Challenging Memory Requirements and Performance Standards in ML

Photo Credit: Thomas Kelley (via Unsplash)

Everything we know about memory requirements in machine learning may be wrong. 

Today, when data scientists process deep learning models using a “throughput computing” device like a GPU, TPU, or similar hardware accelerator, they’re likely faced with a decision to shrink their model or input size to fit within the device’s memory limitations. Training a large, deep neural network (or even a wide, shallow one) on a single GPU, in many cases, may be impossible.

Ever wonder why on the original Resnet 152, the winner of the ILSVRC-2015 image detection competition had 152 layers and not 153? Is it a coincidence that the parameters in 152 layers have a memory footprint of slightly less than 12G, while 153 layers go beyond 12G (the standard size of GPU memory at the time)? 
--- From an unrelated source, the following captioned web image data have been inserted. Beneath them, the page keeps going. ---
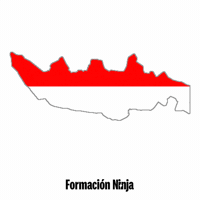 Flag Indonesia GIF by Formación Ninja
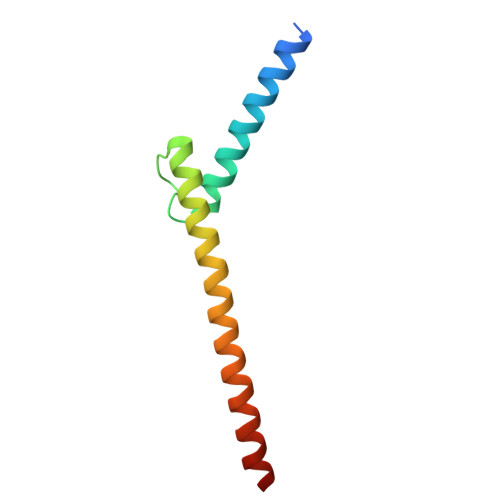 Rcsb Pdb 6g6k The Crystal Structures Of Human Myc Max Bhlhzip Complex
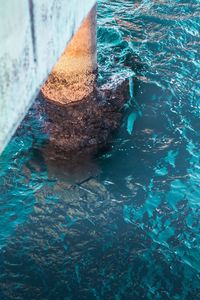 High angle view of swimming pool in sea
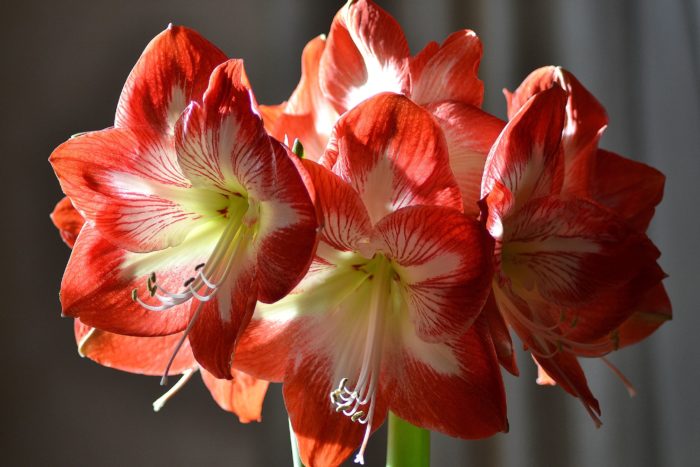 Fotografie rostoucí Amaryllis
As NVIDIA’s Chief Scientist Bill Dally admits: deep learning remains “completely gated by hardware.” If the images in ImageNet were larger than 224x224, than one would have to reduce the batch size, or cut the number of Resnet model layers, or shrink a high-resolution photograph to a smaller 224x224 image. Any one of these options would most likely result in a loss of prediction accuracy.

Today’s massive GPU or TPU compute pods generate tens or even hundreds of teraflops of performance, but do not really solve this memory problem. When a DGX-2 is said to have 500GB of high bandwidth memory (HBM) memory, this memory is actually split across 16 GPUs. During training, a copy of the model must fit in the 32G of expensive HBM memory in each GPU (model parallel training across GPUs is a myth). The same goes for the Google TPU2 Pod, which is boasted to have 4TB of shared HBM memory. What this actually means is that each of the 256 TPU2 chips has 16GB of memory and the model and parameters must fit in these 16GB during training -- or bye bye speedup. So, on a DGX-2 or a TPU pod, one can train Resnet 152 on ImageNet, but still not Resnet 200. One can run 224x224 size images, but definitely not 4K images.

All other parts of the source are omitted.